- **Task objective**
Could you print all the entries below exactly as they appear, omitting the pictures?

Image-caption web data:
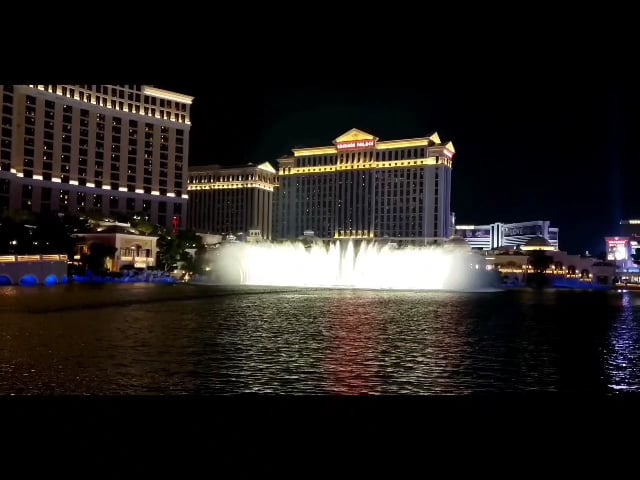 https://i.vimeocdn.com/video/1062514716-7ad1796722bc1c3b5f831a35635269843085995b416d982caf6dc3eb5c96aa77-d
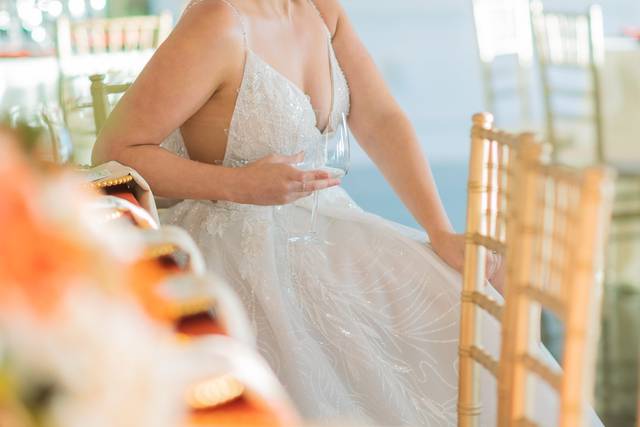 Poised - soshika photography llc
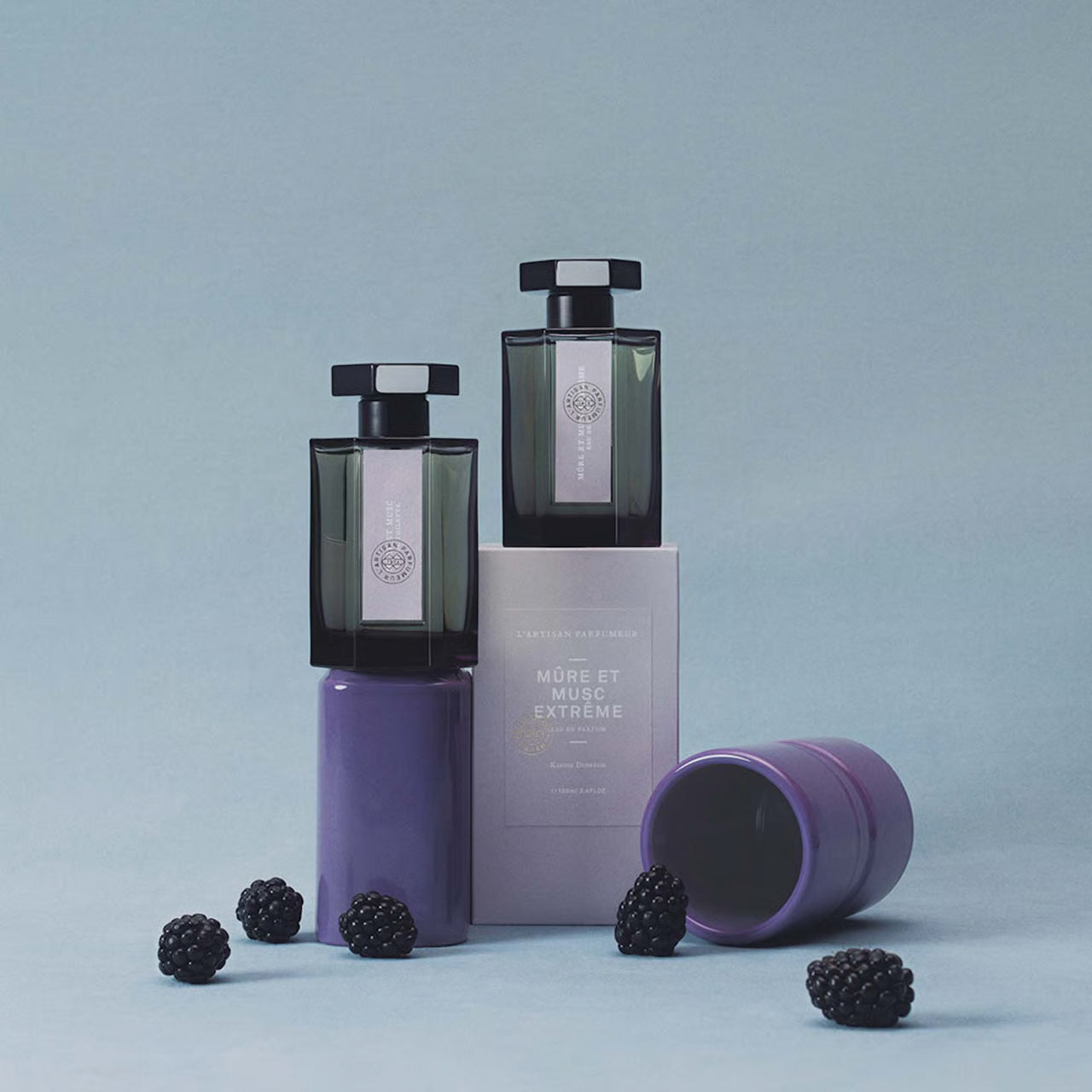 Mure Et Musc Eau de Toilette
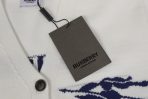 Burberry Unisex Jacket Size S-L - Image 7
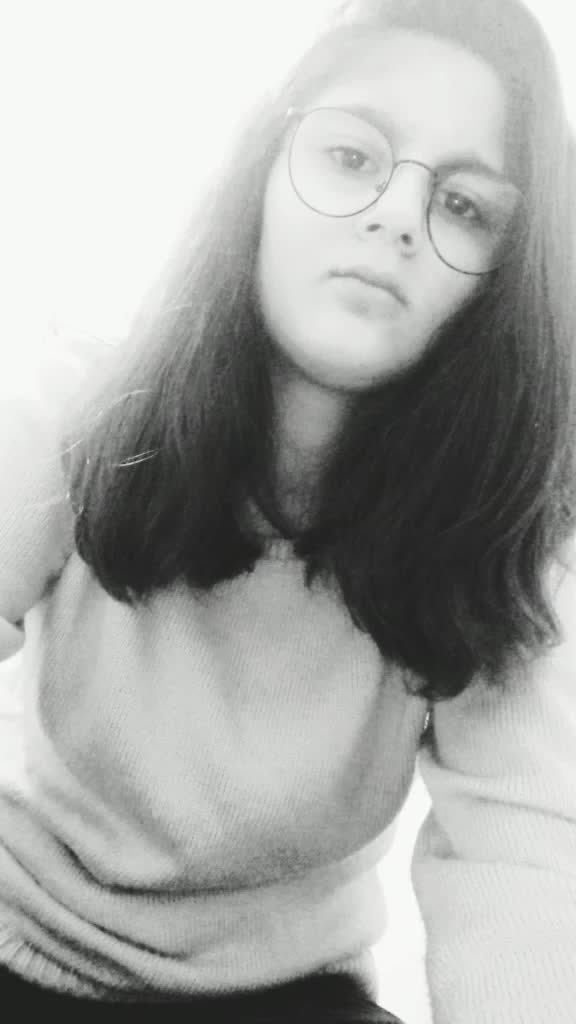 @zilan.ogurtanx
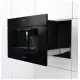 Кавомашина автоматична Gorenje CMA9200BG фото 2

- **The completed task**
 https://i.vimeocdn.com/video/1062514716-7ad1796722bc1c3b5f831a35635269843085995b416d982caf6dc3eb5c96aa77-d
 Poised - soshika photography llc
 Mure Et Musc Eau de Toilette
 Burberry Unisex Jacket Size S-L - Image 7
 @zilan.ogurtanx
 Кавомашина автоматична Gorenje CMA9200BG фото 2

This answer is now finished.